Evaluation Datasets

An evaluation dataset is a file with gold answers for your search system. Learn about the format of the dataset and how to prepare it.

What's an Evaluation Dataset?

An evaluation dataset is an annotated set of data held back from your model. The annotations, or labels, can be question-answer pairs (for a question-answering system) or question-passage pairs (for an information retrieval system). They indicate the gold answers, which are the answers that you would expect your search system to return.

The evaluation dataset in deepset Cloud is based on the files that you uploaded to Data>Files. After you add your evaluation set, deepset Cloud automatically matches the labels in your dataset with the files in your workspace using file names. If there are labels for which there is no match, deepset Cloud lets you know. The evaluation dataset only works for the files that existed in deepset Cloud at the time when you uploaded the evaluation set.

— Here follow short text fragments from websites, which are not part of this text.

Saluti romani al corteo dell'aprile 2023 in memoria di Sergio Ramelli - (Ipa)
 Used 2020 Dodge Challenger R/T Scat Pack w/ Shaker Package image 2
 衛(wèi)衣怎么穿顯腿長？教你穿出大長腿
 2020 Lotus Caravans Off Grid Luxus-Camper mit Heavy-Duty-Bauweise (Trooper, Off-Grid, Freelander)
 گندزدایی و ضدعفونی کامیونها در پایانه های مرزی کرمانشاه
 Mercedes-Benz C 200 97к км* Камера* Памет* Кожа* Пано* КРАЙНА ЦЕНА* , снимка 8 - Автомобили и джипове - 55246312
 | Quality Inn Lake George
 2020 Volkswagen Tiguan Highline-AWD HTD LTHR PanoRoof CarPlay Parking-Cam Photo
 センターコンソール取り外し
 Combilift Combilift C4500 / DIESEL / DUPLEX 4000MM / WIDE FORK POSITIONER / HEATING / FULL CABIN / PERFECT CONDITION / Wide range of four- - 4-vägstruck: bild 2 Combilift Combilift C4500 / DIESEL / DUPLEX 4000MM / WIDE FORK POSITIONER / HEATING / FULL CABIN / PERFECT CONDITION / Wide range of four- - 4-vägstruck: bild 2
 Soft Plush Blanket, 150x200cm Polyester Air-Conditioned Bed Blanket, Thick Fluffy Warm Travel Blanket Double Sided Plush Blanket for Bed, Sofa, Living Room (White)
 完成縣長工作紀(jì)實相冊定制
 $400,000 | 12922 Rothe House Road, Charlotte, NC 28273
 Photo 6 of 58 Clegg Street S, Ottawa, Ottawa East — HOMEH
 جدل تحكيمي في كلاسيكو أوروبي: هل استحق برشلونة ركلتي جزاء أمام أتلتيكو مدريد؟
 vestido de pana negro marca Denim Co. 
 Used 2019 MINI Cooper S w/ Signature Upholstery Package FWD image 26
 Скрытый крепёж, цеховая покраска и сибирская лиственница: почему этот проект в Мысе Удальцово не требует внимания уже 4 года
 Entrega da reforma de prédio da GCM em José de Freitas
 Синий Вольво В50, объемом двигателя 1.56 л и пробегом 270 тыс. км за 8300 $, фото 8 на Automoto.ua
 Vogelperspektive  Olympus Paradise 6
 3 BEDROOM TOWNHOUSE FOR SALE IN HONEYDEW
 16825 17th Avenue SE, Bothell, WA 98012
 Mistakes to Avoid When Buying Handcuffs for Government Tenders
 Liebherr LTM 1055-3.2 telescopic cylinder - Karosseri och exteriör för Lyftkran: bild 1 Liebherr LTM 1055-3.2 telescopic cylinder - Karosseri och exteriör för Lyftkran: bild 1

Evaluation Dataset for Pipeline Evaluation

During the evaluation, deepset Cloud uses the questions from your evaluation dataset and runs them through the evaluated pipeline letting the system find the answers in all your files. The more files you provide, the more complex the task for the system is.
deepset Cloud then compares the answers returned by your search system to the gold answers from your evaluation dataset and, based on the results, calculates the metrics you can use to tweak your pipeline and boost its performance.

Dataset Format

The evaluation dataset must be a .csv file with the following columns:

  • question
  • text
  • context
  • file_name
  • answer_start
  • answer_end
  • filters (optional)

Here's an evaluation dataset for Harry Potter. This example is meant to show you the format your dataset should follow.

Preparing Your Own Evaluation Dataset

If you want to prepare an annotated dataset for question answering, you can use deepset's Annotation Tool.